Goldman Sachs's first-quarter earnings surged 27% as the US investment bank's trading business rebounded in response to increased market volatility.

Net income for the three months to the end of March rose to $2.74bn (£1.9bn) from $2.16bn a year earlier. The result was a recovery from the final quarter of 2017, when Goldman posted a $2.1bn loss.

Group revenue rose 25% from a year before to $10.04bn – the highest quarterly total for three years.

Trading revenue jumped 31% to $4.39bn from a year earlier and 85% from the fourth quarter of 2017, driven by equities revenue of $2.31bn – up 38% from the first quarter of 2017.

“During the quarter, equities operated in an environment characterised by periods of high volatility and an increase in client activity compared with the fourth quarter of 2017,” Goldman said.

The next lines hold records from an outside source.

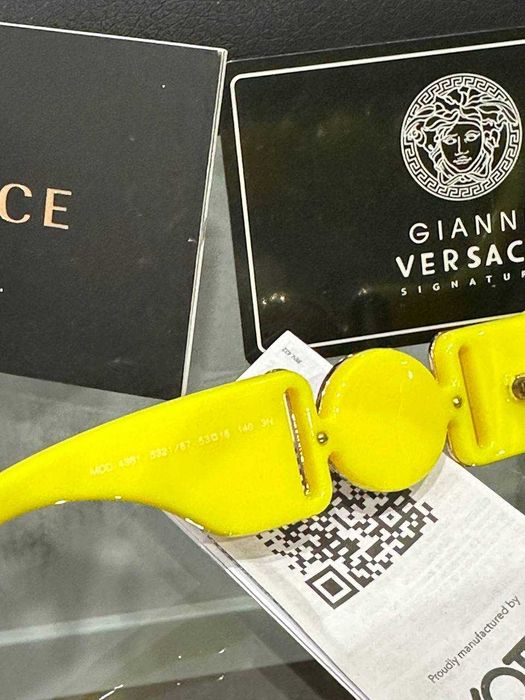 Окуляри Versace VE4361 Жовті Оригінал | Очки Версаче Желтые Женские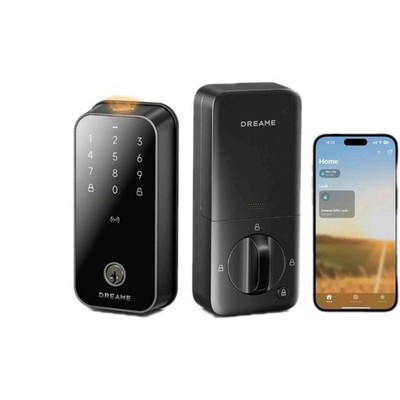 DREAME Smart Lock Lite   Fingerprint Keyless Deadbolt, App Control, Auto Lock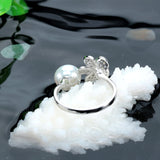 Hot Selling Purple 925 Sterling Silver Ring 100% Genuine Freshwater Pearl Jewelry 4 colors Available Fine Jewelry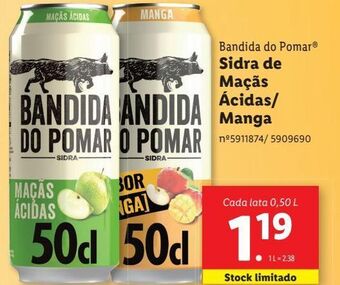 Lidl Sidra bandida do pomar promoção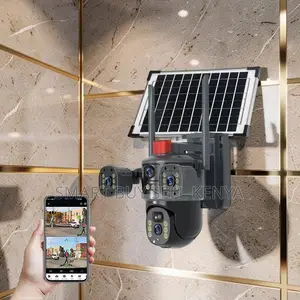 Ip66 Rated Waterproof 20mp Ultra Hd 4g PTZ Triple Lens Solar Camera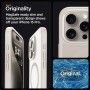 Husa pentru iPhone 15 Pro - Spigen Ultra Hybrid - Frost Natural Titanium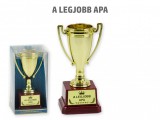 Noname Győztes kupa Legjobb Apa 14cm 03838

Revenue from fixed income, currencies and commodities rose 23% to $2.07bn as clients carried out more trades in response to market volatility. After a long period of relative calm, markets became more uncertain in the first three months of 2018 as inflation expectations increased and the Trump administration threatened to start a trade war with China and other competitors.

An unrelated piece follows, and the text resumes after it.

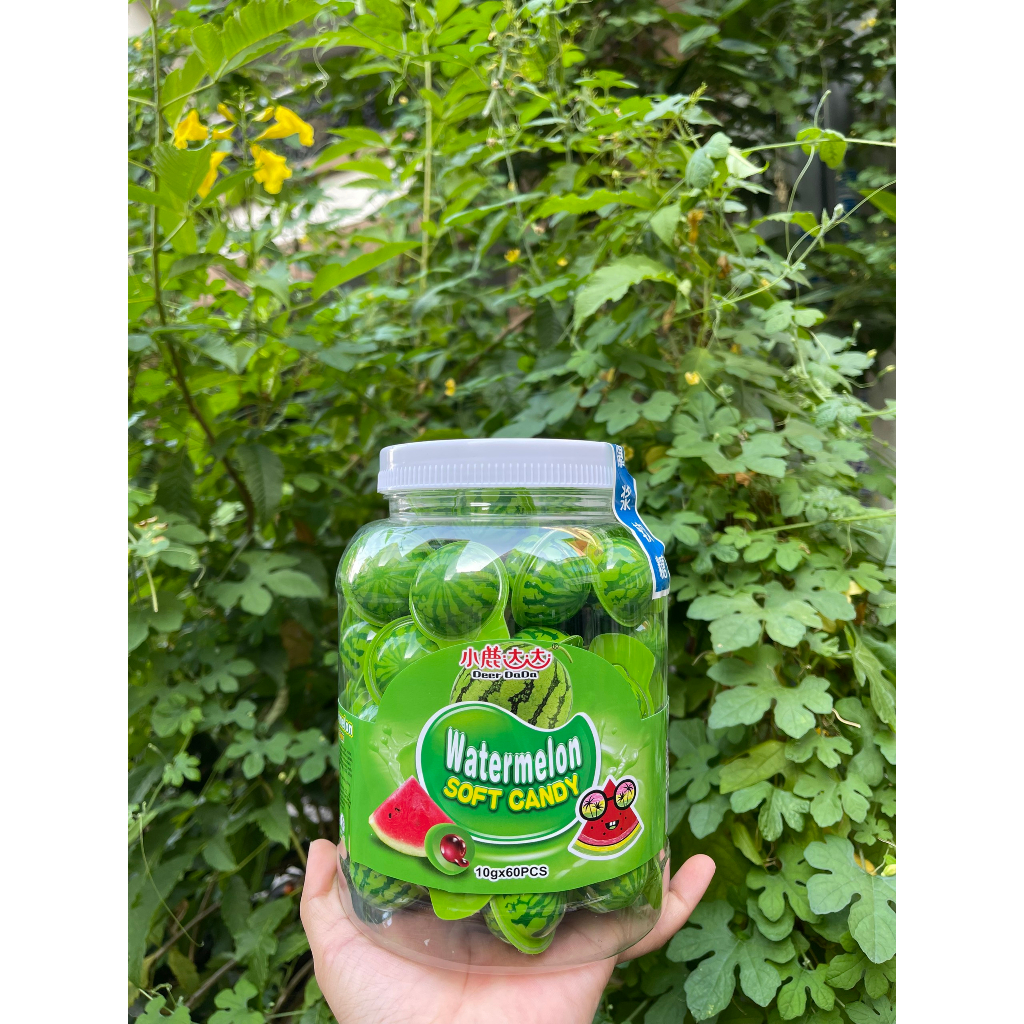 Kẹo dẻo có nhân hình con Mắt/ Dưa Hấu/ Dâu / Vịt/ Đào/ Gấu trúc/ Mèo Kitty/ Người Nhện/ Hành Tinh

Lloyd Blankfein, Goldman's chief executive, said: “Solid performance across our businesses produced strong returns in the first quarter. We are well positioned to serve our clients as the global economy continues to show strength and central banks unwind certain aspects of policy stimulus. We are also broadening our client base and further diversifying our businesses to drive more revenue and earnings growth for the firm.”